The Soviets beat the US at getting a satellite, and a man, into space. Now, the Chinese may get to the moon before the US can make a return visit.
Fifty years after Sputnik became the world's first artificial satellite, a new race is under way with the finish line on the moon. NASA, the former lunar champion, already is predicting defeat.
"I personally believe that China will be back on the moon before we are," NASA Administrator Michael Griffin said in a low-key lecture in Washington two weeks ago, marking the space agency's 50th anniversary, still a year away.
"I think when that happens, Americans will not like it. But they will just have to not like it," he said.
Griffin's candor startled many in the space community, but insiders acknowledge the reality. China has pulled off two manned spaceflights with its own rockets and is eager to head for the moon.
NASA has a 2020 deadline for returning Americans to the moon. China would like to beat that.
It has a probe poised for a launch to the moon, supposedly before year's end. The lunar orbiter is to be followed by a lander and then, by 2017, a robotic mission to return moon rocks. Whether China could land one of its "taikonauts" there before US astronauts arrive is uncertain.
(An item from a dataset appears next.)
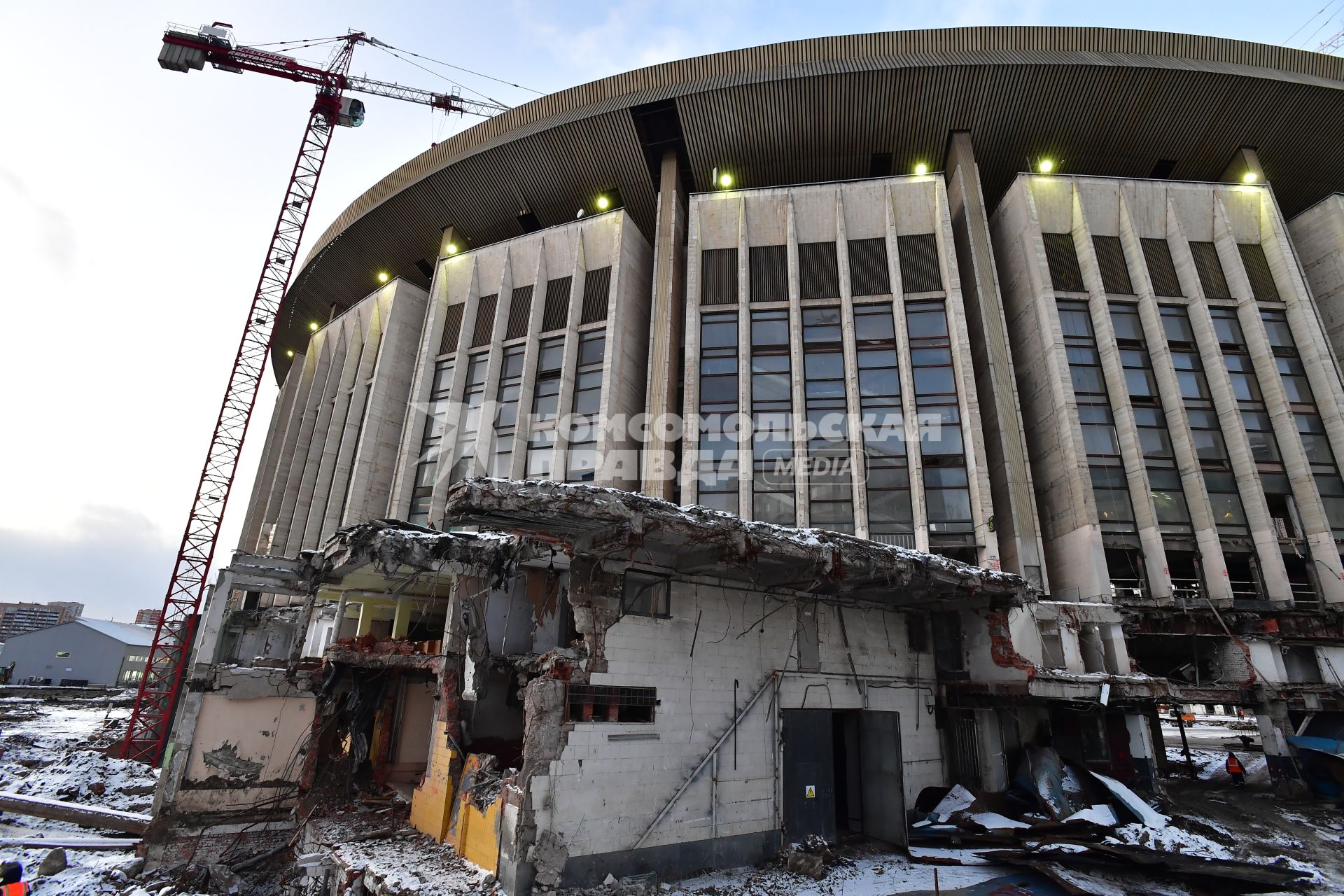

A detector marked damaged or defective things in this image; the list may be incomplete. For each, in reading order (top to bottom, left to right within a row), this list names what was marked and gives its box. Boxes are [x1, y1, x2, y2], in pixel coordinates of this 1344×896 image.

The US is "more technically advanced. We certainly could be back on the moon faster than the Chinese, but we don't have the political will and therefore the resources to do it," said Joan Johnson-Freese, head of the Naval War College's national security decision-making department.
Russia -- the early day winner with the launch of Sputnik on Oct. 4, 1957, and the first spaceman, Yuri Gagarin, on April 12, 1961 -- is no longer the competitor it was under the Soviet Union banner.
Although Russia is a key player in the international space station, with its Soyuz rockets regularly ferrying crews and cargo, it is expecting to team up with the US in the moon arena.
It was just four years ago that China became only the third country in the world to launch its own rockets with people on board. Now it is aiming to build its own space station to orbit Earth, as well as a mission to the moon in 10 to 15 years.
Unlike the intense, cash-heavy days of the late 1950s and 1960s, budget constraints have slowed NASA's previous rocket-fast pace. It will be 16 years from the time US President George W. Bush set the lunar goal in 2004 -- if NASA even gets to the moon by 2020.
NASA insists it is not a race anymore, with grander, longer-range goals than Apollo's flags and footprints.